LibriAmo a cura di Renata Grifa
Dieci anni erano traguardo solenne, per la prima volta
si scriveva l’età con doppia cifra.
L’infanzia smette ufficialmente quando si aggiunge il primo zero agli anni.
Smette ma non succede niente, si sta dentro lo stesso corpo di marmocchio
inceppato delle altre estati, rimescolato dentro e fermo fuori.
Tenevo dieci anni.
Per dire l’età, il verbo tenere è più preciso.
Ci sono storie che solo Napoli sa raccontare, ci sono incontri che solo sotto quel cielo e quel mare possono avvenire.
Può un bambino di dieci anni sentirsi all’improvviso già grande? Basta davvero aggiungere uno zero davanti all’uno perché tutto cambi?
È quello che sembra accadere al piccolo protagonista di questo romanzo.
Dieci anni sono troppo pochi per sapere come gira il mondo, eppure lui si sente già adulto.
È estate su una delle tante isole campane, le giornate passano lente tra un tuffo in mare e un quadernetto di parole crociate, lontane dal caos cittadino questo ragazzino curioso diventa osservatore di un mondo che dovrebbe restare ancora lontano da lui.
Stretto in un corpicino che a suo dire non segue la crescita degli anni, “stavo in un corpo imbozzolato e solo la testa cercava di forzarlo” questo bambino non si accontenta di vivere la sua età, ma vuole saperne di più. Saperne di più su quel mondo di adulti che dice già di conoscere “tranne per un verbo che loro esageravano a ingrandire: amare. Mi infastidiva l’uso. In prima media lo studio della grammatica latina l’adoperava per esempio di prima coniugazione, con l’infinito in -are. Recitavo tempi e modi dell’amare latino. Era un dolciume obbligatorio per me indifferente alla pasticceria. Più di tutto mi irritava l’imperativo: ama”.

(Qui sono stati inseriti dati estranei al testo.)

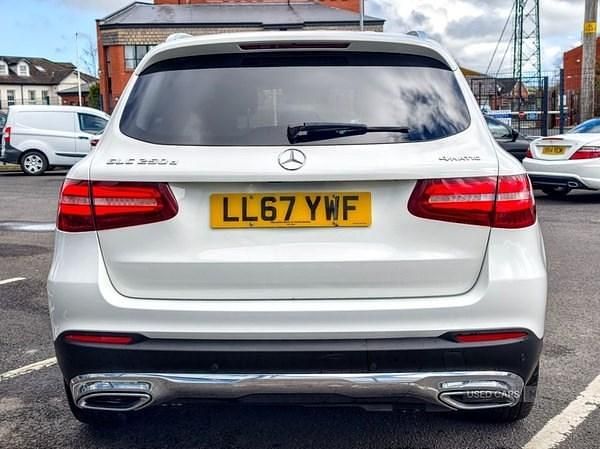 Usado Mercedes GLC250 Premium Plus 204 HP (150 kW) 2017 Branco Carrinha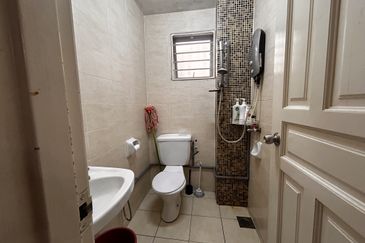 Suria Utama Townhouse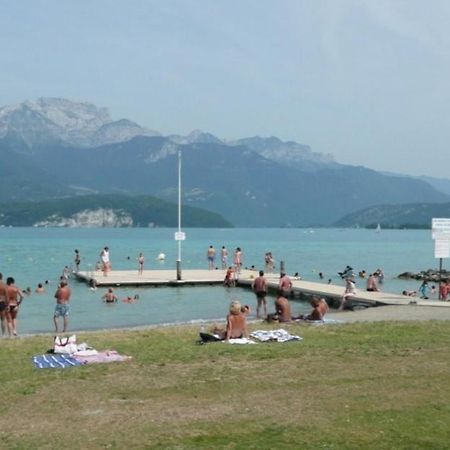 Chambre Privée 2 pas du lac chez l'habitant Sévrier Esterno foto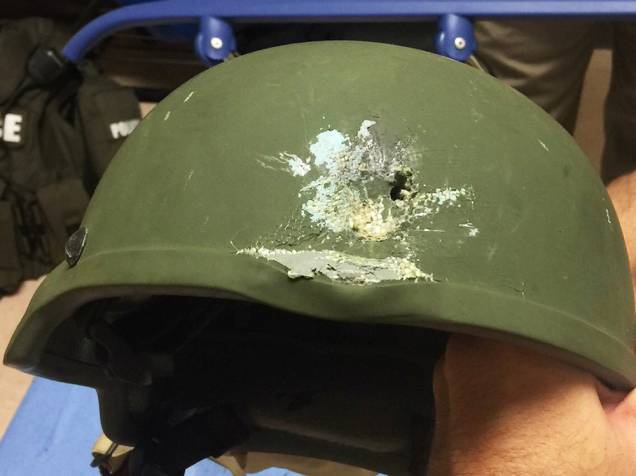 Na troca de tiros com o atirador,que foi morto, uma bala disparada atingiu o capacete modelo Kevlar, de um policial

La sua estate cambia però all’improvviso quando, sulle spiagge dell’isola, conosce una ragazzina della quale cinquant’anni dopo nemmeno ricorderà il nome. Una ragazzina che gli farà conoscere il piacevole suono della parola mantenere “il mio verbo preferito, era successo”, che gli farà desiderare di tenerla per mano, mani che nell’intero racconto hanno un ruolo chiave nel descrivere quella che poi sarà l’evoluzione degli eventi, della vita.
Mani rugose da grandi, e mani morbide di bambini, il senso del tatto “che non sta in un organo solo come gli altri quattro, ma sparso in tutto il corpo”.
Ancora una volta, con la maestria e delicatezza che contraddistingue la penna che accompagna queste pagine, Erri De Luca, forse raccontando anche di sé, ci accompagna in un viaggio di formazione e di spensieratezza che si concluderà alla fine dell’estate con la scoperta dei più delicati dei sentimenti.
Un racconto che sa di poesia, in cui ciascuno può tornare bambino, a quell’infanzia e a quell’estate lì, quando eravamo immersi in un mondo che guardavamo solo da lontano, dimostrando che potevamo farcela da soli e che avremmo ceduto, inconsapevoli, solo davanti a chi, stando a un millimetro da noi ci avrebbe chiesto di chiudere questi occhi di pesce e noi, senza nessuna esitazione, avremmo risposto che no “non posso. Perché se tu vedessi quello che vedo io, non li potresti chiudere”.